The reason why all of this has occurred to me has been the reaction today to Frank Ocean’s blog about his ‘first love’. It should be noted that Ocean doesn’t actually ‘come out’ in this blog – if saying that your first love was male makes you gay/bisexual, then a hefty % of gay men must be straight/bisexual as many dated women and enjoyed it before coming out.  Indeed, this rush to push Ocean into a box, whether ‘gay’ or ‘bisexual’, is part of the problem. It’s putting words in his mouth, making him into something which he doesn’t necessarily wish to be – not only in terms of his sexuality but in terms of being a ‘brave’ man. Maybe he just wanted to let us know about a lovely time in his life which has inspired his new album. Nothing more, nothing less. The rush to congratulate him, however well-intentioned, is enormously patronising and makes as much an issue of his sexuality as any homophobe would. Indeed, I did a twitter search for reactions to his blog and the vast, vast majority were supportive. Nonetheless, many of these were supportive while noting that he was ‘brave’ and would face problems from the hip-hop world.
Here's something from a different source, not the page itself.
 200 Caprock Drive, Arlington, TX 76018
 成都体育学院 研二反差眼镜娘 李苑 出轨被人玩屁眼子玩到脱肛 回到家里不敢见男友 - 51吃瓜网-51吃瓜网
I didn’t see any that noted any actual negative response – instead it was an imaginary future persecution which has the added bonus of making the supporter seem extra-liberal. I previously noted the same reaction to the film ‘Weekend’, where I saw countless reviewers/viewers noting that it would make homophobes uncomfortable without ever taking a second to notice that homophobes were never going to watch ‘Weekend’ in the first place. Of course we can and should acknowledge context and recognise that homophobia is a real thing. We should not, however, begin from an automatic assumption of homophobia. If we want a world where being gay, straight, bisexual or whatever is truly no big deal then we should all act like it – and that means smiling at Frank Ocean’s nice story and letting him be whatever he wants to be without instantly trying to bend it to our own ends.